The first festival was crazy awesome. It was the last of a ten-day celebration of food. Mostly sweets. Mmmm, sugar. India special. But that wasn’t what I was there for. Oh no, it was much bigger than a festival for sweets.
It was evening, as most things like this happen after dark. Binu, and Aji took me to a temple dedicated to whom I believe was Murugan, Ganesha’s brother. A handsome god; he’s powerful and rides a badass peacock that’s usually standing on a cobra. Everything was lit up with old bulb style Christmas lights. The walkway, the trees, the temple. Huge depictions of Murugan placed throughout the grounds. Little stands everywhere with sweets and toys and fun things to look at. Hundreds of Indians. Maybe six white people, including me. It was nice to have my two Hulk like escorts. Not only did I feel protected, they took me to the behind the scene spots where I wouldn’t have gone otherwise.
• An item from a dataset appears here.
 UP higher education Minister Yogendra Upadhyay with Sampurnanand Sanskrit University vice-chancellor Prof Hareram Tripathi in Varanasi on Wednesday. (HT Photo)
It was the end of a 40-day preparation, of what I was told to be nearly two hundred men, consisting of restricted diet, no touching women, daily offerings and pujas. All day people were getting ready for the event. Surely the mound of hot coals had been burning for hours perhaps days. The energy was amazing. Both light and heavy… intense. Beautiful smiling faces waiting in anticipation.
The grand finally? A skewer through the face and a nice walk over the mountain of coals. Bare foot fire dancers.
Before being led through the awaiting crowd these men, some just boys, had a rod put through their face. Shish kebab style. There really is no other description for it. After putting the end parts on the rod they ended up with a trident through the face. We weren’t allowed to see them in person but several cameras captured the action and displayed the scene on large screens throughout the area. I watched in awe. Unbelievable.
All of a sudden the crowd shifted, and the men cam running through. Each participant had two other men escorting them; they held garlands of flowers and peacock feathers mounted on a wooden arch around their shoulders.
After a short time, perhaps more blessings, they started to come out, one by one. Some walking, some running some stomping or literally dancing through the mound of coals. A few paused in the middle or stuck their hands in the pile and tossed coals into the air. They kicked at it, danced around it… played in it. It was amazing. Something I had never seen. And may never see again.
Festival two… again brought by Aji and Binu, who both watched out for me as they sent me into the midst of the action. I really don’t understand what this one was about. It seems that there are four more days of it. And then another, for another temple, will take its place. This is what I wrote while sipping pineapple juice and waiting for Bhajan to start, which I ended up missing do to my curfew.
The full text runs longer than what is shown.